People Power: General Recruitment Tips and Tactics
An effective, ongoing recruitment operation is the cornerstone of all other activities a student group does. People and the time and talent they voluntarily give to your group are your most important resources, more important than money. You can't and won't want to do everything on your own. Plus you won't be able to effectively advance the mission of your group without a team.
Here are some other simple reasons why your group needs to constantly be recruiting:
- Identify potential leaders
- Instill dedication in members doing the recruiting
- Have a constant, permanent, and public presence on campus
- Power in numbers
- Have to overcome turnover and attrition when members graduate or flake out on you
There are a variety of recruitment tactics, but here are a couple general strategic guidelines first:
- Recruit as early as possible. The sooner you have a team the sooner you can mobilize it into action on behalf of your cause. Start in the summer online or even during the spring semester in preparation for the fall semester.
- Recruit as many freshmen as possible. They have no commitments yet and thus have a lot of free time. Assuming you lead the organization well, these freshmen you recruit now could spend their entire college career dedicated to your student group, recruiting others to grow your iron cadre and general membership.

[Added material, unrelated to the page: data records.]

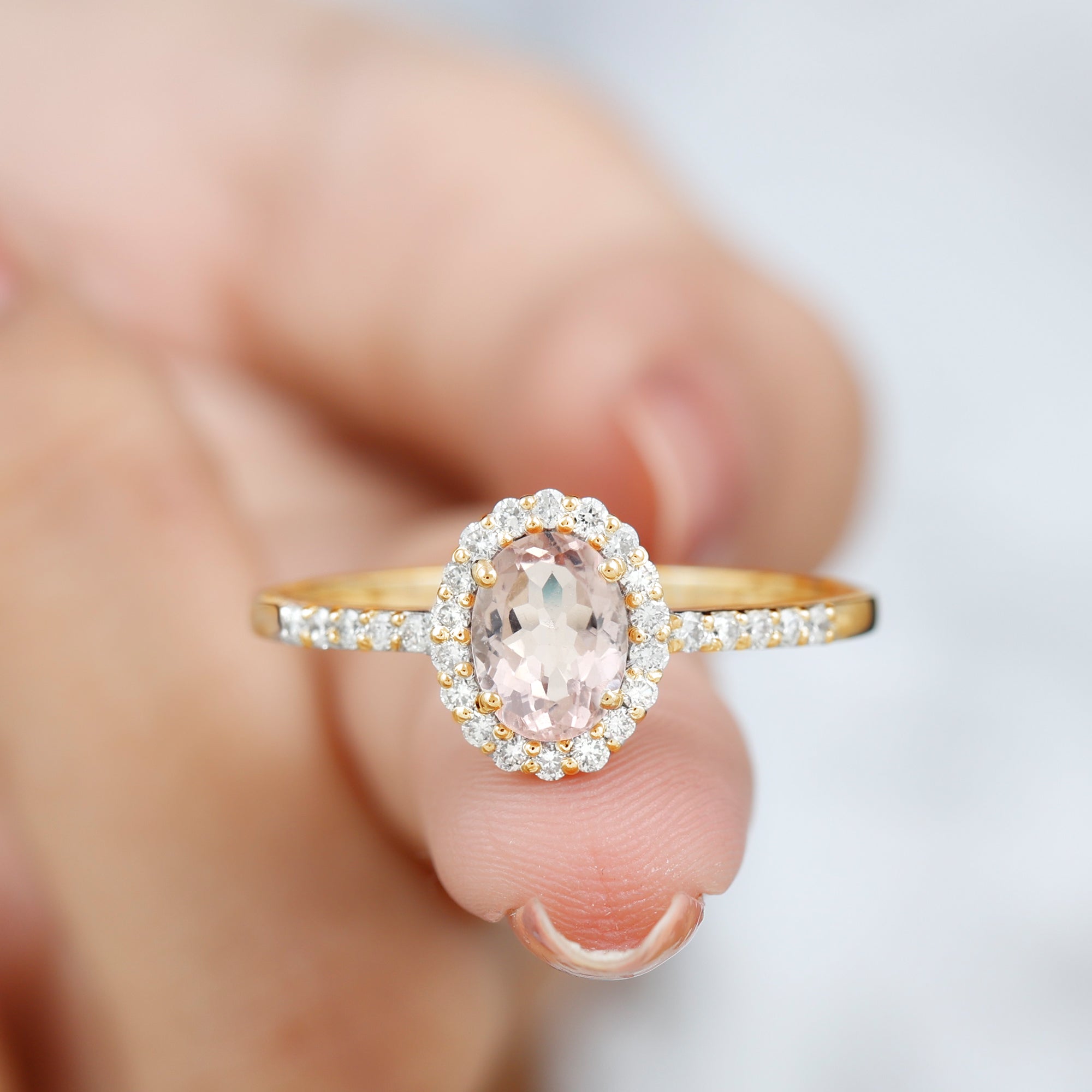 Oval Morganite Simple Engagement Ring with Diamond Morganite - ( AAA ) - Quality - Rosec Jewels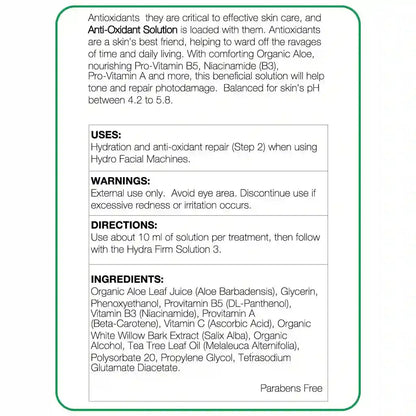 AntiOxidant HydroFacial Solution 8oz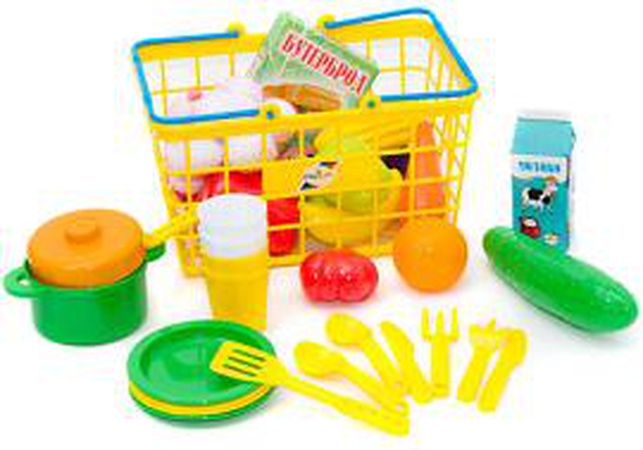 Набор "Фрукты Овощи" в корзинке М с порошком, яйца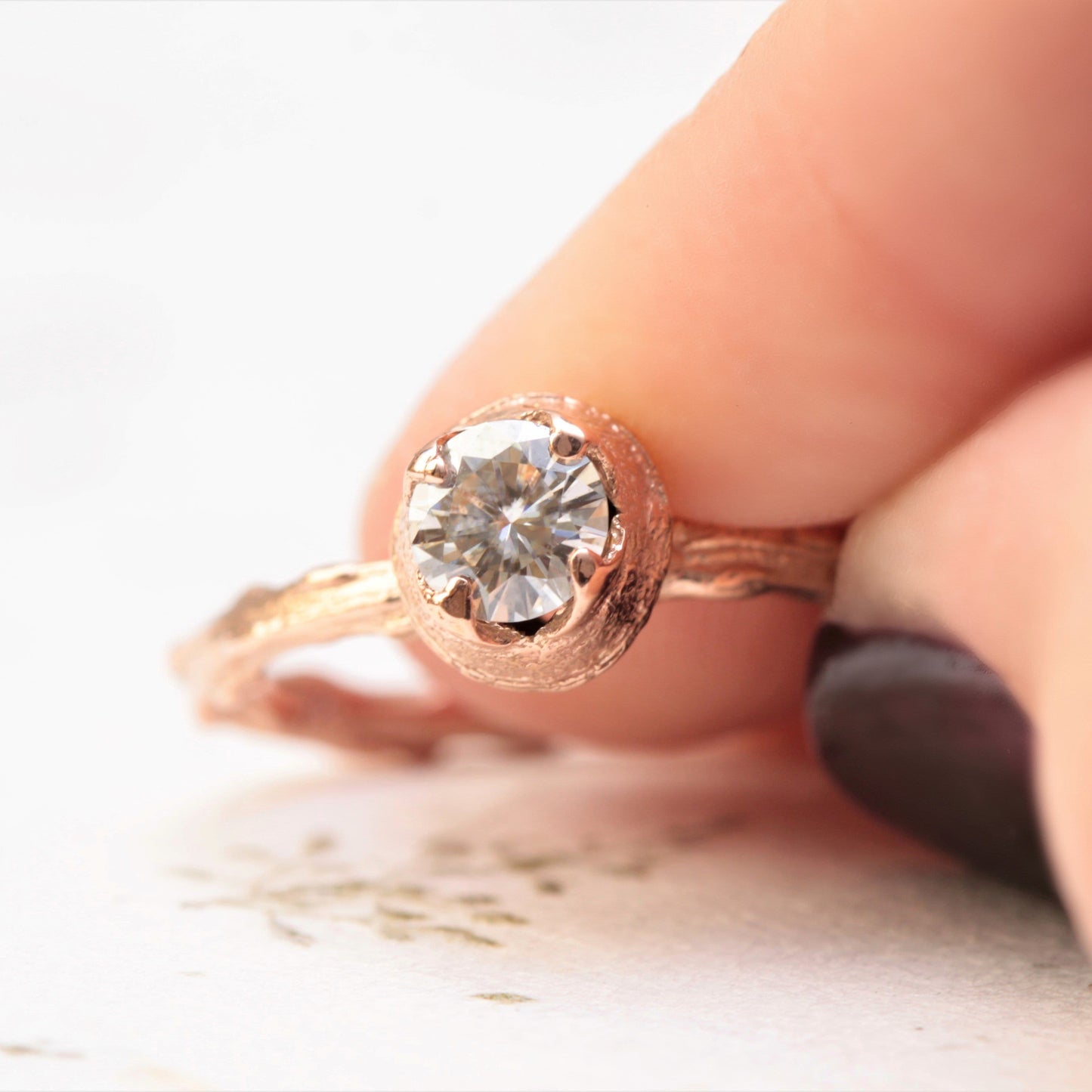 Moissanite Twig Engagement Ring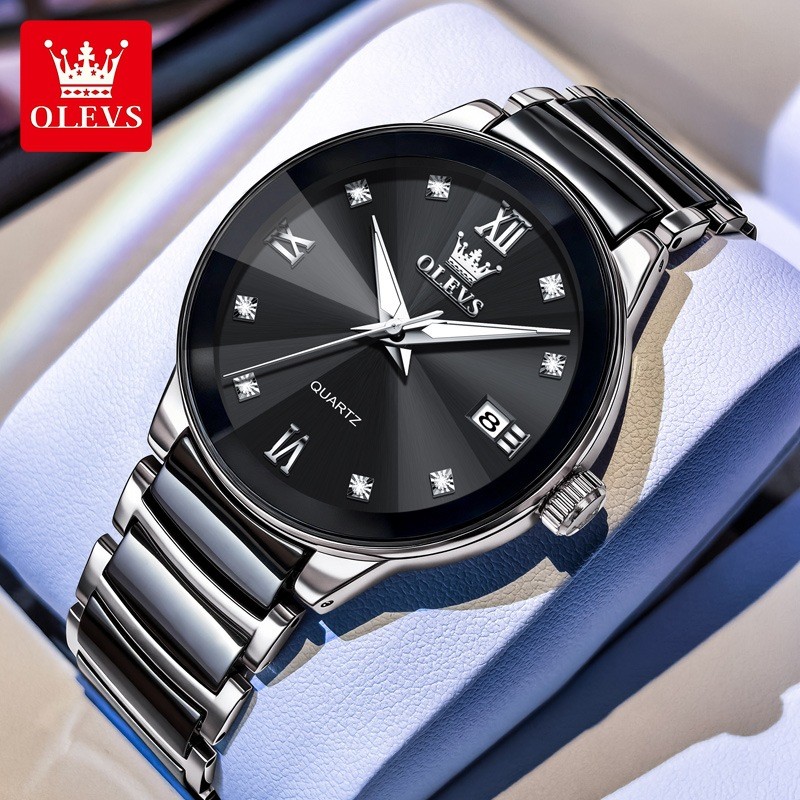OLEVS 7114 Luxury Fashion Steel Ceramic Quartz Man Watch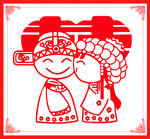 传统婚庆新郎新娘矢量图图片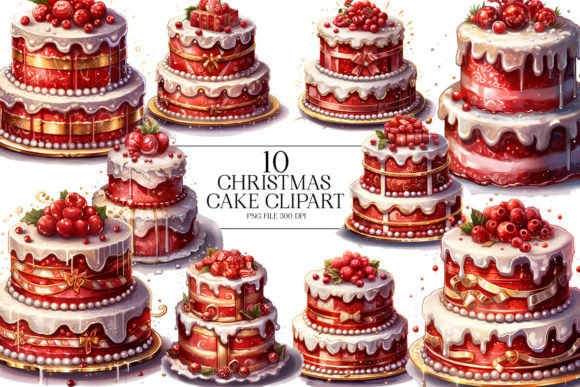 Download Christmas Cake Watercolor Clipart - Christmas cake Collection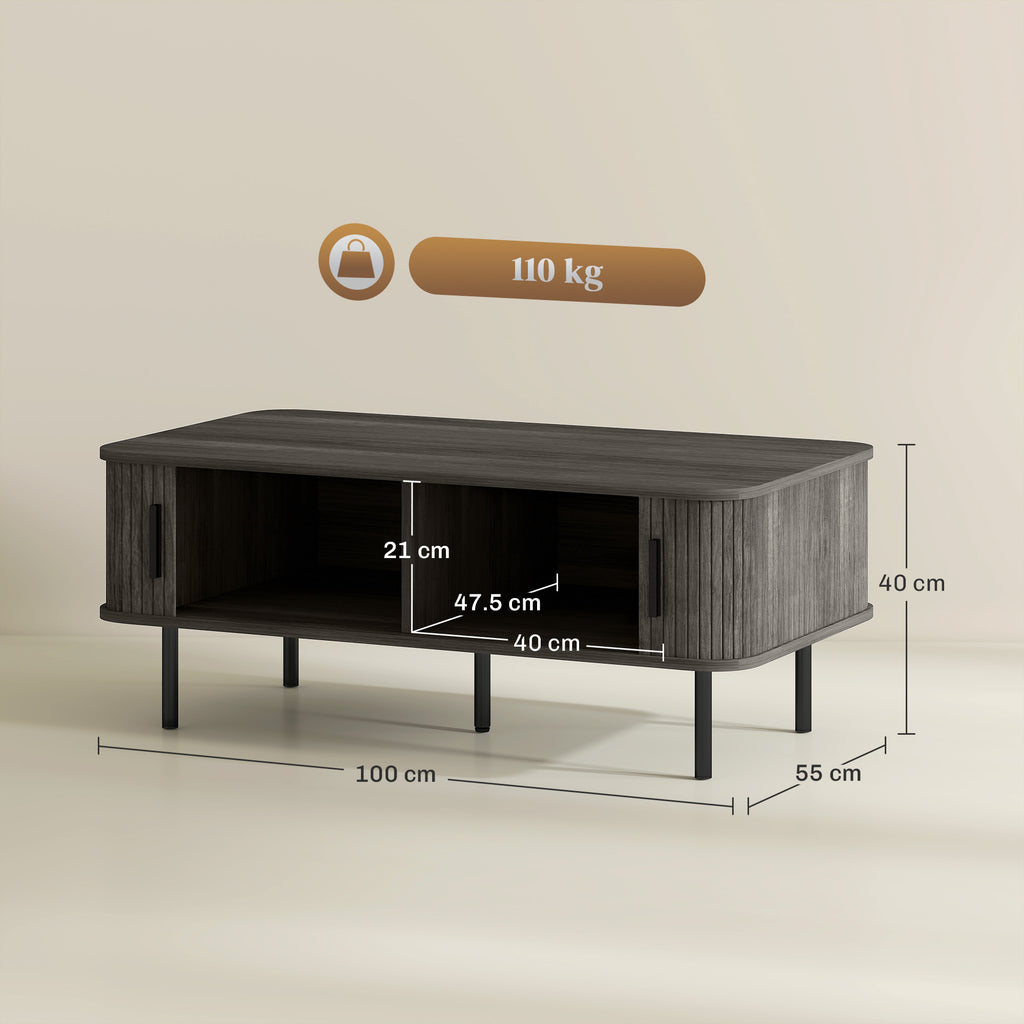 Coffee Table with Storage, Living Room Table with Slatted Tambour Sliding Doors and Adjustable Foot Pads, Rectangular Coffee Table with Elevated Base for Living Room, Grey Wood-Effect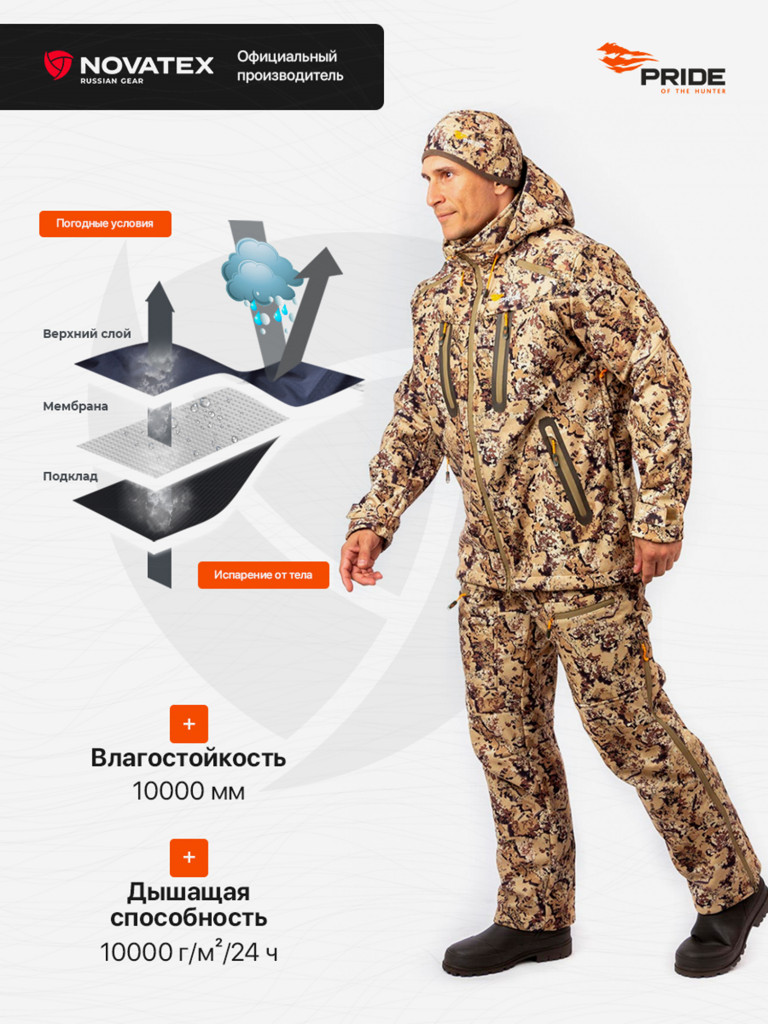Костюм для охоты Вольф PRIDE, Hunt-Shell, камыш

Also, the younger your members are the more time you'll have to instill dedication in them and develop their leadership skills.
- Don't get discouraged! Most people are going to be uninterested or try to ignore you. Rejection will happen often. Just keep engaging students! The only reason students should get by you without talking to you is because you are already talking with another student.
Here are some common, proven recruitment methods/tools:
- Human Sandwichboard (my favorite technique and the most effective on-the-spot method)
- Tabling (especially at student organization fairs, which can supply some of your best members)
- Campus canvass (in-person or by emailing a survey to every student)
- Clipboarding: just like Human Sandwichboad and Tabling except no table or sandwichboard
- Stationary Sandwichboards
- Chalking sidewalks, plazas, chalkboards, etc.
- Flier handouts (placing fliers in the hands of students as they walk by)
- Posting posters or fliers (make sure it includes one big attractive visua and your group's contact info)
The methods of recruitment are virtually limitless. Every event or activism your group does is a recruitment opportunity; always have a sign up sheet handy. Almost every substantial interaction with another person is a potential recruitment opportunity; don't be afraid to probe a new friend's political views to see if they might make a good member.
Always be on the lookout for people who share your political views on various issues and try to empower them to be active and effective in your group or start their own group.